- Author: Jonathan Mahood
- Current status/schedule: Current daily & Sunday strip
- Launch date: 2006
- Alternate name: Hoover: The Rechargeable Dog (2006–2007)
- Syndicate(s): GoComics (2007–2011) King Features Syndicate (2011–present)
- Genre: Humor

= Bleeker: The Rechargeable Dog =

American comic strip by Jonathan Mahood

Bleeker: The Rechargeable Dog is a comic strip by Jonathan Mahood about ten-year-old Skip Smalls, his friend Lila, and Bleeker, his electronic dog. The strip is distributed by King Features Syndicate.

== Publication history ==
In July 2006, Mahood's comic strip began online as Hoover: The Rechargeable Dog. The strip was picked up by GoComics in 2007, and Mahood titled it Bleeker in honor of his grandfather's middle name.
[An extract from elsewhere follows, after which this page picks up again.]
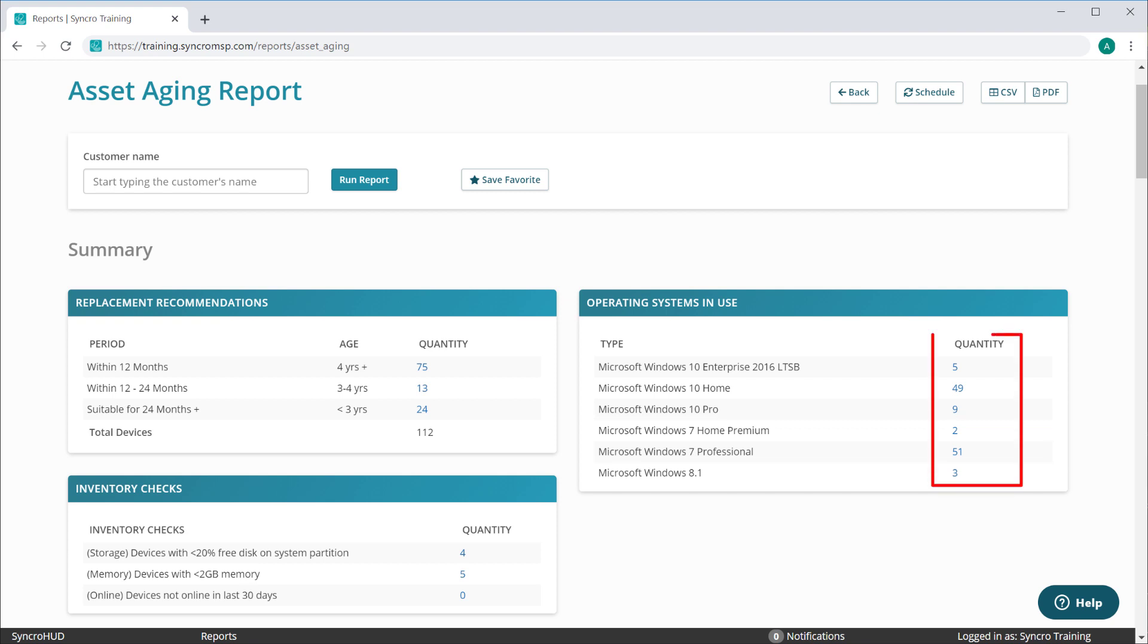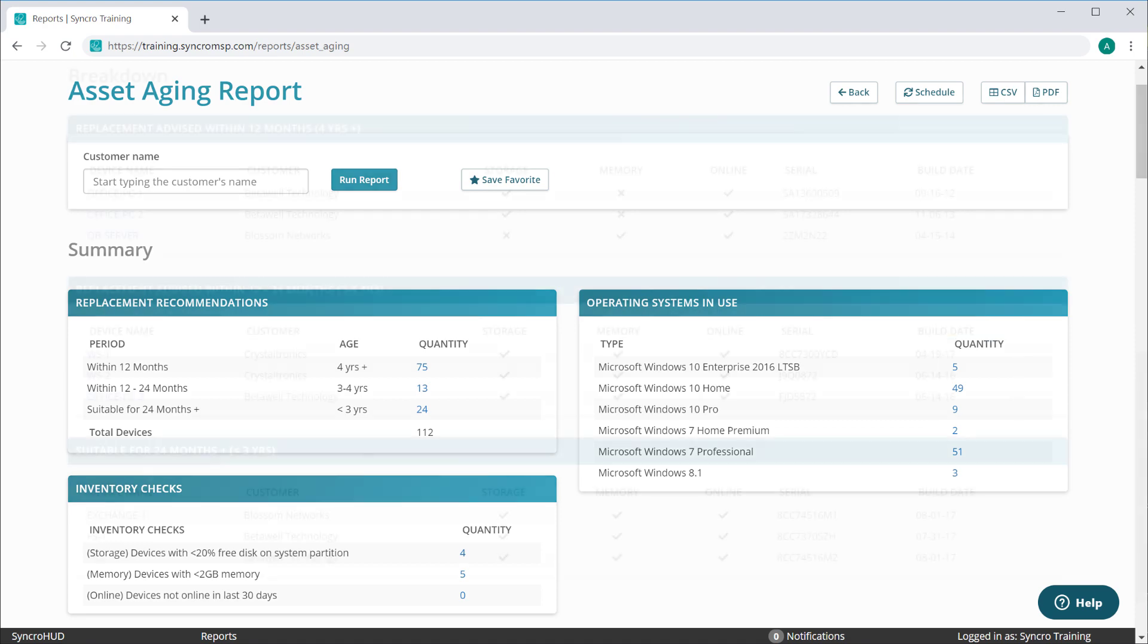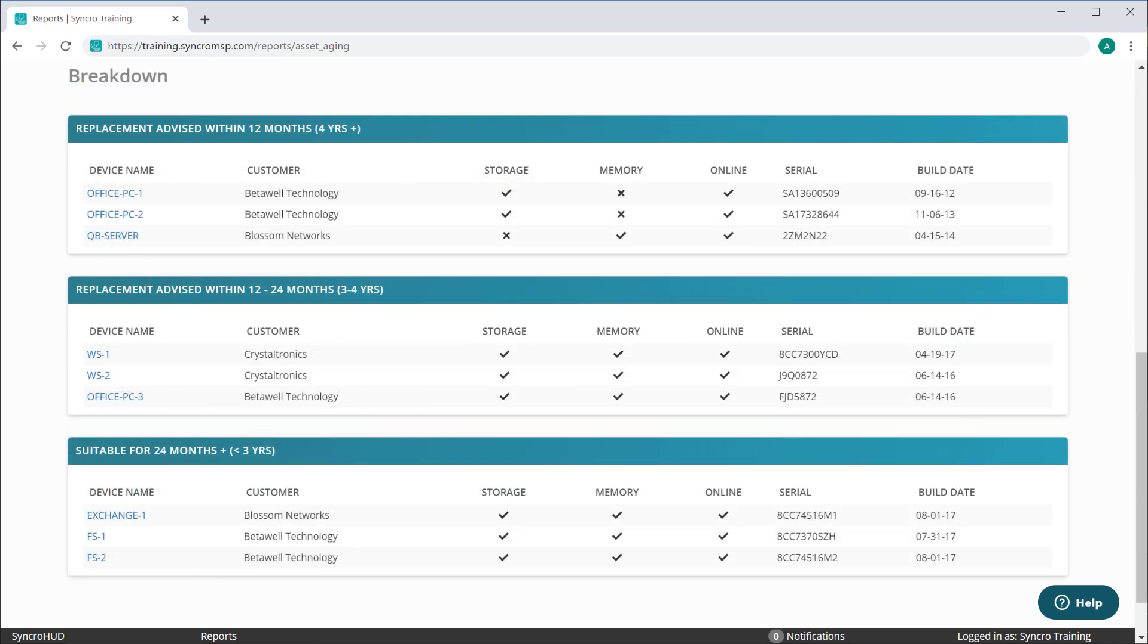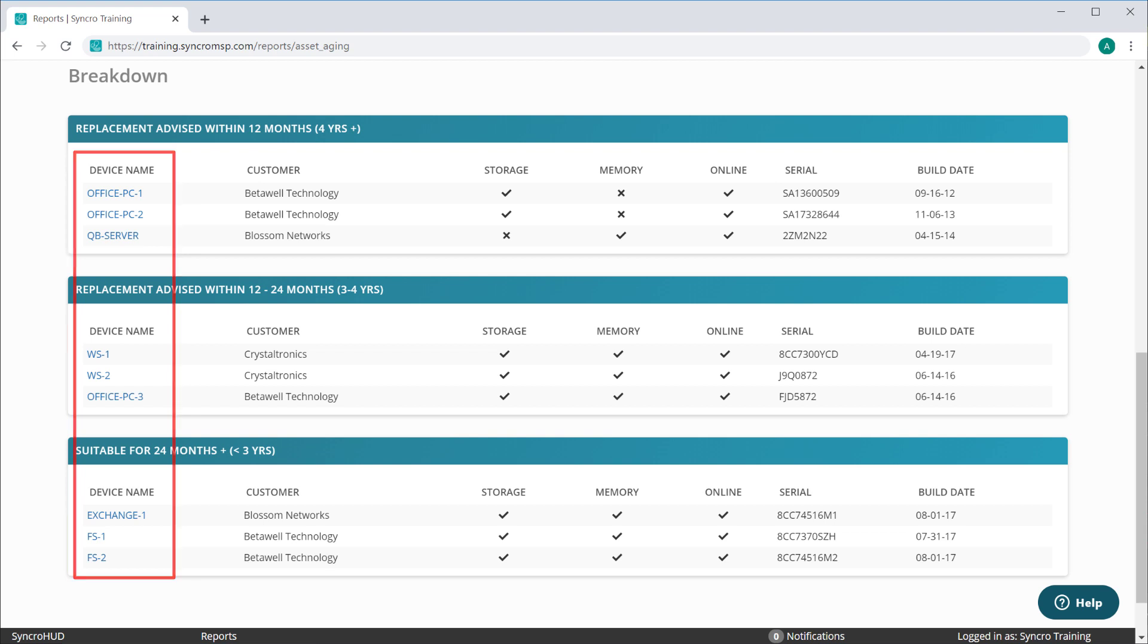Each breakdown can be drilled into to provide better insights into that specific subset of assets. Down below you'll find a more detailed breakdown of each category, along with the ability to drill into each specific asset if the need arises.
Originally syndicated by Andrews McMeel Universal's GoComics for four years, it moved to King Features on January 3, 2011. It is also available on King Features' DailyINK service. It has been translated weekly for Germany's national weekly newspaper Die Zeit.

When the strip switched syndicates, it was relaunched, as detailed by Mahood:
This fresh start will be exactly that… on January 3rd 2011, Skip will meet Bleeker for the first time. The comic will restart from the beginning to allow new readers a chance to get to know the characters just as the characters themselves, get to know each other. To be clear, this doesn't mean I'm going to rerun 4 1/2 years of comics. That would be boring for longtime readers and also for me too! For the first month and a half I have reworked some introductory strips and added a bunch of new ones. I hope this brief introductory period will be fun for longtime fans as well. Knowing Bleeker's ineptitude for all things canine and Skip's ineptitude in general should make for an extra layer of fun with these early comics. Look for Karl, the angry robot vacuum cleaner, to make his first appearance early in the new year. It's not often you get a chance to start over, so for me it's been great to iron out some of those early wrinkles and know that moving forward, everything will fit together.